J.K.: “It’s too much, I have work to do. And I feel that it contributes to the culture of giving your work away for free. Everyone on the internet thinks that everything should be free.”
On viewing habits…
J.K.: For the first season they didn’t think about viewing habits, but for the second season they have. She realized that she could ‘save’ characters, take them out of the story for an hour, because viewers can binge-watch a bunch of episodes in a row on Netflix. So they don’t have to wait a week to see their favorite character again like on traditional TV, they just have to wait an hour. But she misses the water cooler effect of talking about a show the morning after it aired.

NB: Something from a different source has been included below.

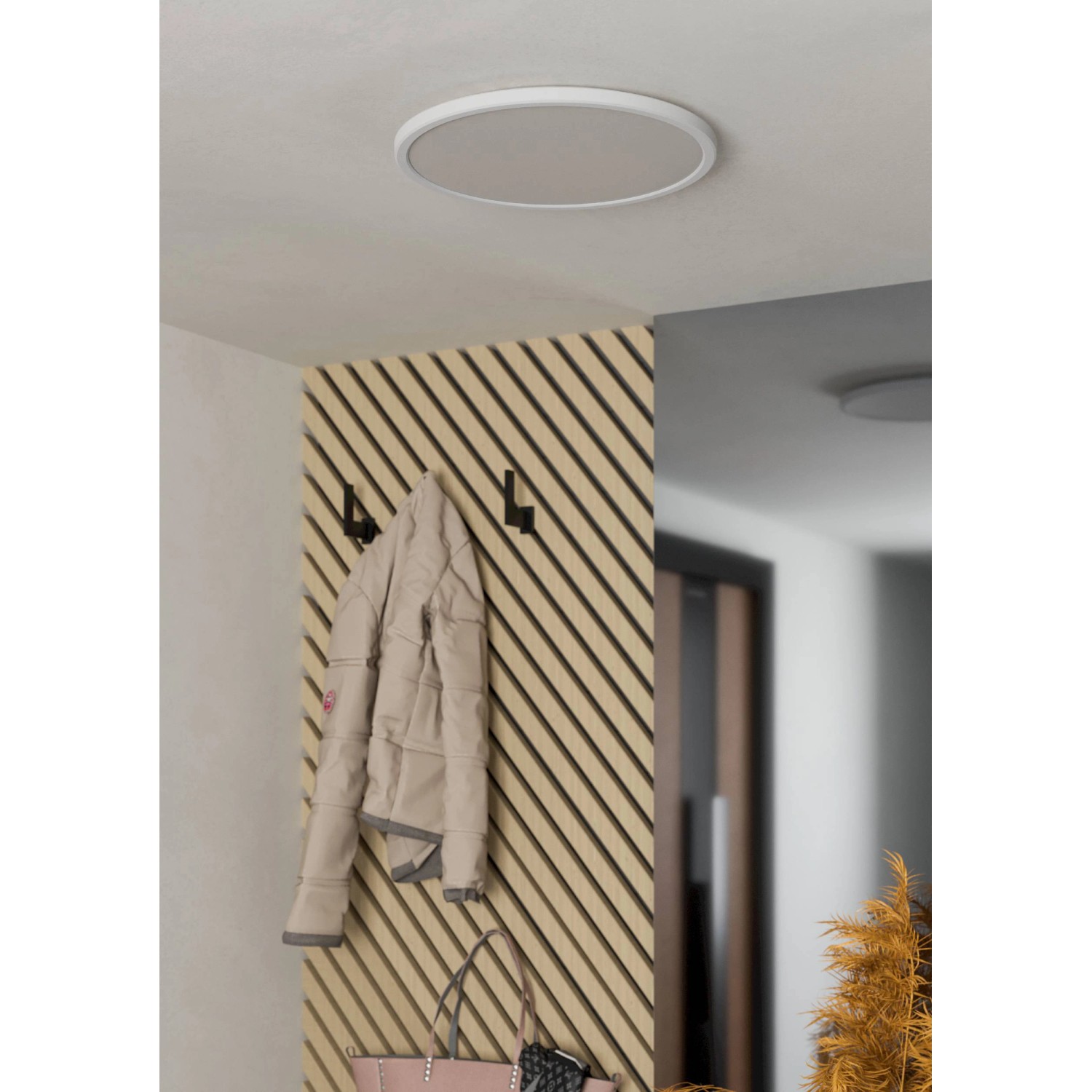 Eglo LED-Deckenleuchte Expert Minerario Ø 39 cm Schwarz_3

A friend told her to think of her Netflix series more like a book, where you put it out there and people discover it at different times, and it’s always around for fans to re-visit.
M.A.: Doesn’t binge-watch, she likes the weekly ritual of ‘live’ viewing. Does not have time for a 13-hour viewing marathon.
C.C.: His upcoming show is “The Strain” on FX, an adaptation of the supernatural book trilogy written by Guillermo Del Toro and Chuck Hogan. Cuse liked that it upended the vampire genre, avoiding all of the cliches of films like Twilight or shows like “The Vampire Diaries.”
M.A.: Her goal with “Masters of Sex” is to make each season very different from the one before. With so much life history of Masters and Johnson to draw from, she knew early on that this would be possible, and could hold the audience’s interest for a long run.
J.K.: She is responding to the audience’s “favorites,” thus Season Two of “Orange is the New Black” will consist entirely of “dance parties, pie throwing and urination!”
Thank you to the HRTS and the panelists for a great event. If you need me, I’ll be hanging by the pool at the Beverly Hilton.